***** Data for the task

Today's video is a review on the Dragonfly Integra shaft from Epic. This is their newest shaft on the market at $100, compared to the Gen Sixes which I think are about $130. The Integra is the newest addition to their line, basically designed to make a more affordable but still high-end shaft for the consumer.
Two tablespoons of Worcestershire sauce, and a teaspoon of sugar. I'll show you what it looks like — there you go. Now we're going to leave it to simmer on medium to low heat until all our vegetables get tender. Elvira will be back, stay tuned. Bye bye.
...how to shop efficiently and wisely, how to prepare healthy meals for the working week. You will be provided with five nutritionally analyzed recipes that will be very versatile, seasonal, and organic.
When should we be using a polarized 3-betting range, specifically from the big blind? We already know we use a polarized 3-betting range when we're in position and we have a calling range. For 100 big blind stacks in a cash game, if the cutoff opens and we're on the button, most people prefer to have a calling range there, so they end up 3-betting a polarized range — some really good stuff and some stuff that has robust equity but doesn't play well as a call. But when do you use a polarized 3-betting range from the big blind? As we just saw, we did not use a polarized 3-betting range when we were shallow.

**********
***** Data for the task

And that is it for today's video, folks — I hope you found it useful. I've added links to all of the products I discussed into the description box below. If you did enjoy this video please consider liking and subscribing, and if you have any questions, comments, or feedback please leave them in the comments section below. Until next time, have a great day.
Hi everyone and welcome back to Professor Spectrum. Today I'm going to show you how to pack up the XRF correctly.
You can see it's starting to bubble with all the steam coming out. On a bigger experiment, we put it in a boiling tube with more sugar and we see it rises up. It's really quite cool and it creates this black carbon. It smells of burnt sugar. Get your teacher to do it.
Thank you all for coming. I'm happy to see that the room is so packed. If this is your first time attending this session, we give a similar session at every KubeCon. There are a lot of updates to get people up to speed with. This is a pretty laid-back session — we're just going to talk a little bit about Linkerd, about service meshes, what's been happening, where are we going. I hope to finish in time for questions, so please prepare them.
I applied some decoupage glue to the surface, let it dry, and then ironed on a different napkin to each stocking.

**********
***** Data for the task

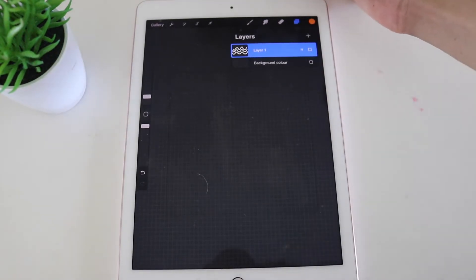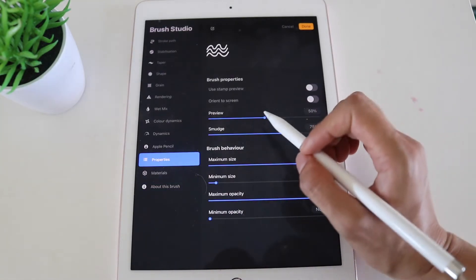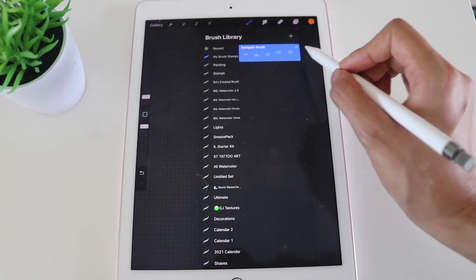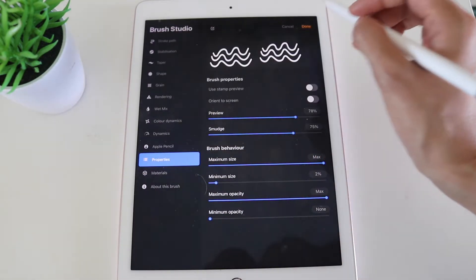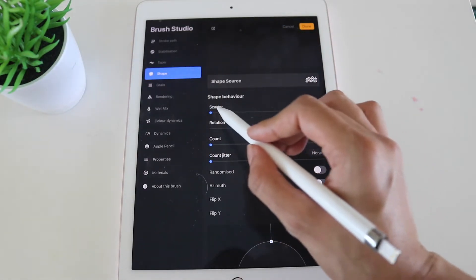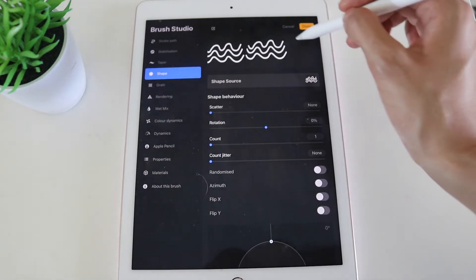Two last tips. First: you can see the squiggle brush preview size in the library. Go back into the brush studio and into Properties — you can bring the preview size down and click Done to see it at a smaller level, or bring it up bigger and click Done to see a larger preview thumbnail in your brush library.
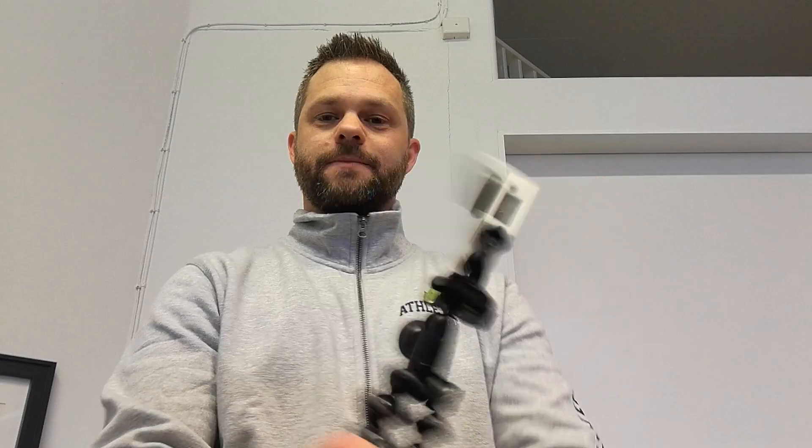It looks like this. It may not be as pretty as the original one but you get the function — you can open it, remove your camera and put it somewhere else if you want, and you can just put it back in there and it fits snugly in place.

**********

> **Task item**:
Go through the listing and copy each line that includes the string "video".

> **Answer to the exercise**:
Today's video is a review on the Dragonfly Integra shaft from Epic. This is their newest shaft on the market at $100, compared to the Gen Sixes which I think are about $130. The Integra is the newest addition to their line, basically designed to make a more affordable but still high-end shaft for the consumer.
And that is it for today's video, folks — I hope you found it useful. I've added links to all of the products I discussed into the description box below. If you did enjoy this video please consider liking and subscribing, and if you have any questions, comments, or feedback please leave them in the comments section below. Until next time, have a great day.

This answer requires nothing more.